Certaines œuvres, qu’il s’agisse de musique, d’art-plastique, de vidéo, de peinture, de danse ont un impact plus ou moins fort sur celui qui regarde, ne laissant pas le spectateur indifférent, ni indemne. Elles touchent à ce qu’on nomme le réel, en levant un voile sur cet innommable.
L’œuvre dont j’ai choisi de parler touche à ce point : elle vise chacun en sa place. Ce tableau dérange encore aujourd’hui, nous le verrons. Il s’agit d’une peinture emblématique de Gustave Courbet, intitulé « L’origine du monde ». Le tableau, peint en 1866, a cette audace de montrer ce que tous les autres s’évertuaient à cacher : le sexe de la femme. Courbet a peint un sexe, le sexe anatomique. Ce pubis féminin apparaît dans son plus juste réalisme, sans vulgarité, ni déformation, en plan rapproché.
Du point de vue de l’œuvre, l’effet de trouble procède en plusieurs éléments.
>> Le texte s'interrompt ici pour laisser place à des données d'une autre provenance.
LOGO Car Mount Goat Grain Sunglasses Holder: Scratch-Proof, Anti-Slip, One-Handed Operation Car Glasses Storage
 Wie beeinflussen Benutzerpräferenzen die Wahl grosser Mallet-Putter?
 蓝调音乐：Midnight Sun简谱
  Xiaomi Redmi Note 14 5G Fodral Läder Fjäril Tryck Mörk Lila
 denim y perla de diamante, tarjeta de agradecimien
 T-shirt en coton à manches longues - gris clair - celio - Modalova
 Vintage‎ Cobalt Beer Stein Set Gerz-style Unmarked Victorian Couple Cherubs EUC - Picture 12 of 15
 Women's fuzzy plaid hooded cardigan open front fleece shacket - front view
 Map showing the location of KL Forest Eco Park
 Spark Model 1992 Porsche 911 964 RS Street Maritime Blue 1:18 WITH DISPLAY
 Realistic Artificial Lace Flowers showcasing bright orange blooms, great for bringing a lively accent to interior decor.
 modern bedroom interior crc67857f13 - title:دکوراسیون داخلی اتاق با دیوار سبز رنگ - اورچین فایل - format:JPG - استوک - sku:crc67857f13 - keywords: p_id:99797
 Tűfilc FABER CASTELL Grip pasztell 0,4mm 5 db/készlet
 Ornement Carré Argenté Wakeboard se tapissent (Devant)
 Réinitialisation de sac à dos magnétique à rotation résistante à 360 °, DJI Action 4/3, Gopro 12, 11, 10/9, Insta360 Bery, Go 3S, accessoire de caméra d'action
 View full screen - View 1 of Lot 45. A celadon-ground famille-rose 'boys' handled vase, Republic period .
Il s’agit d’un tronc où le corps n’est représenté que par un bout. Le spectateur regarde un corps morcelé. Un corps qui n’est pas identifié à une femme. On ne voit de cette personne que le sexe. Organe intime livré sans artifice, dévêtu du vêtement qui le pare habituellement. De quelle femme s’agit-il ? Qui est-elle ? Rien ne nous permet de l’identifier, ce corps n’a pas de visage. Le peintre nous renvoie ainsi à toutes les femmes, il vise le sexe de chacune et le met sous le regard de tous. Le spectateur est en place de voir ce qui est d’ordinaire caché et gardé secret, il se retrouve de l’autre côté de la fenêtre, touchant le regard : le voyeurisme en chacun.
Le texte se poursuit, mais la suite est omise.